_ACTIVITY_: Give the data again word for word; drop the pictures.

◇ ◇ ◇

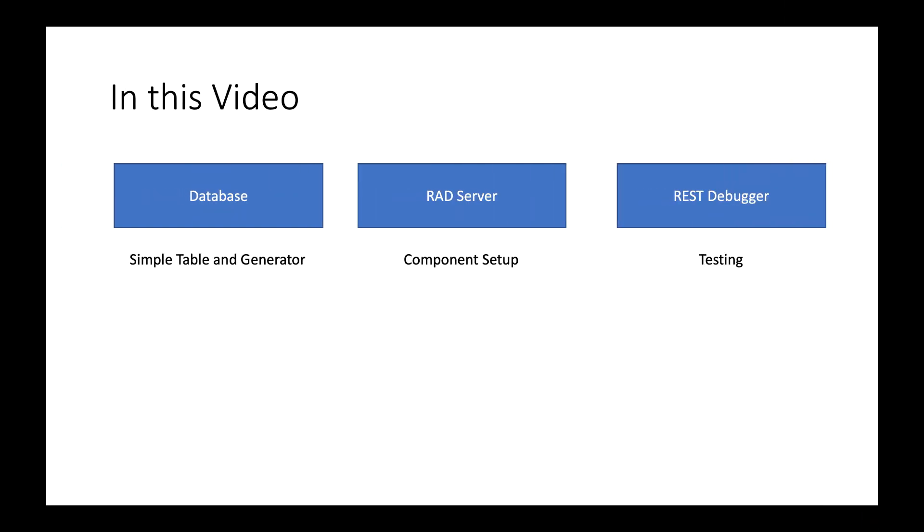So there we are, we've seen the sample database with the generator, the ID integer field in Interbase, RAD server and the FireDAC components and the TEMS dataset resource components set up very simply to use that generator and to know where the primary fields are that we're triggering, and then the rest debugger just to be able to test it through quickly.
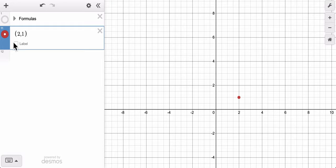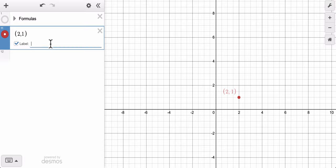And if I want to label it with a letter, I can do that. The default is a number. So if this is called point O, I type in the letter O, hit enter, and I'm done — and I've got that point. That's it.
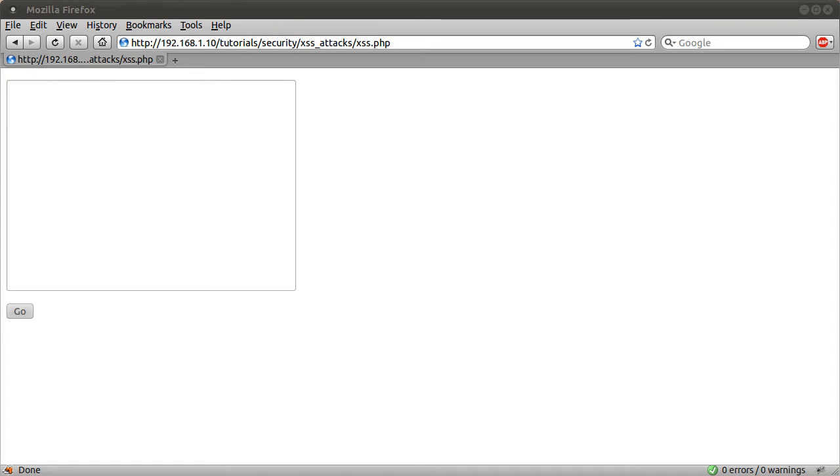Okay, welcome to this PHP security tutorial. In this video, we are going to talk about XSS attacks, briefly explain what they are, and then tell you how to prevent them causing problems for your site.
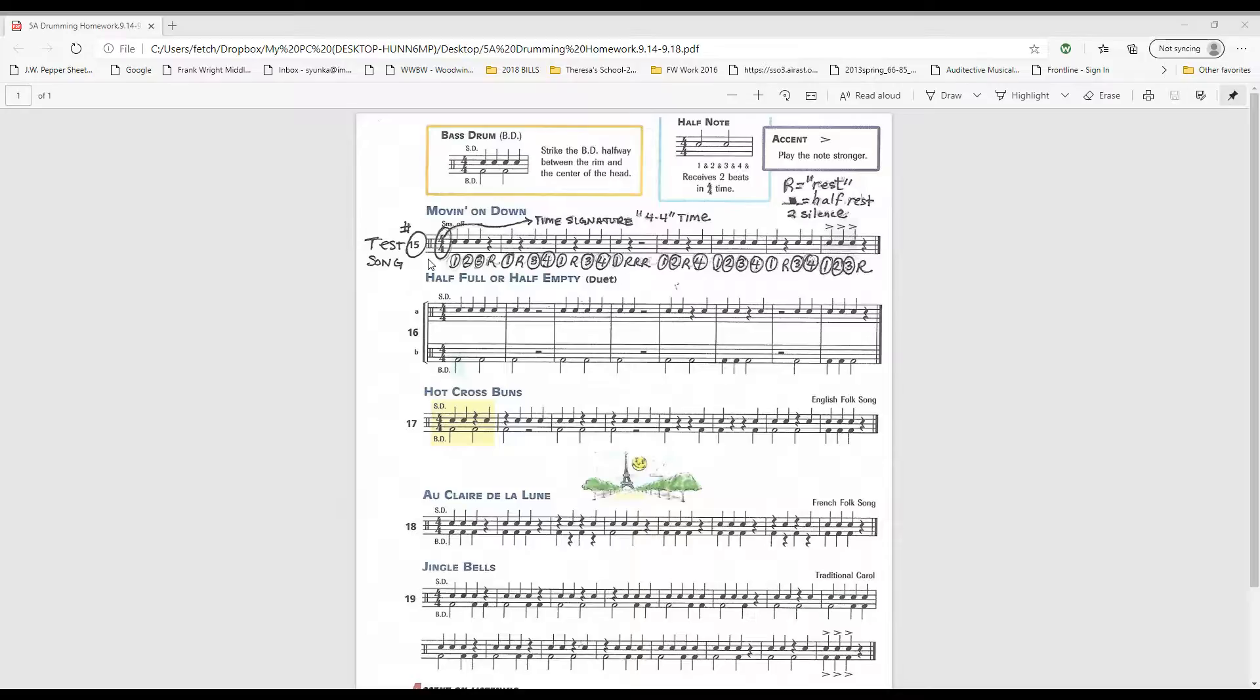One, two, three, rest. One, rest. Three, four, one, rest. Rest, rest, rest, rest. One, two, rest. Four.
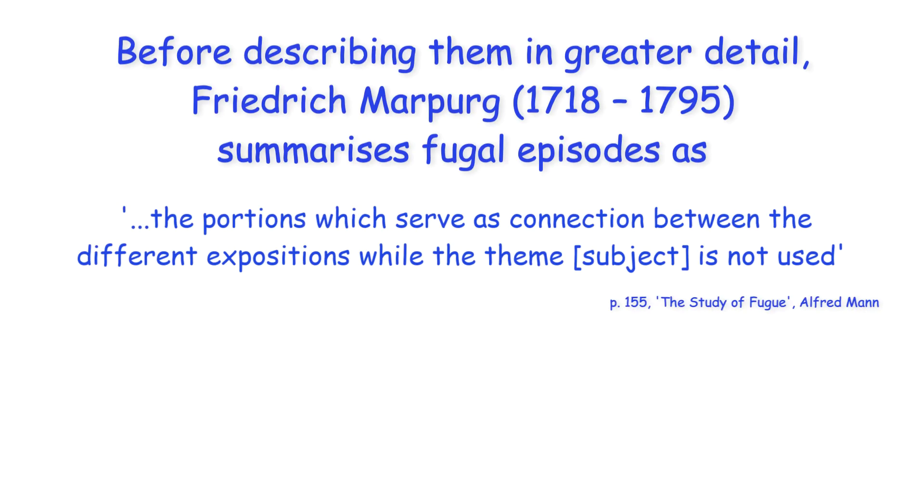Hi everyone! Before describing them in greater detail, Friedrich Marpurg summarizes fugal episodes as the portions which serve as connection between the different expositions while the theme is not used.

◇ ◇ ◇

_ANSWER SECTION_:
So there we are, we've seen the sample database with the generator, the ID integer field in Interbase, RAD server and the FireDAC components and the TEMS dataset resource components set up very simply to use that generator and to know where the primary fields are that we're triggering, and then the rest debugger just to be able to test it through quickly.
And if I want to label it with a letter, I can do that. The default is a number. So if this is called point O, I type in the letter O, hit enter, and I'm done — and I've got that point. That's it.
Okay, welcome to this PHP security tutorial. In this video, we are going to talk about XSS attacks, briefly explain what they are, and then tell you how to prevent them causing problems for your site.
One, two, three, rest. One, rest. Three, four, one, rest. Rest, rest, rest, rest. One, two, rest. Four.
Hi everyone! Before describing them in greater detail, Friedrich Marpurg summarizes fugal episodes as the portions which serve as connection between the different expositions while the theme is not used.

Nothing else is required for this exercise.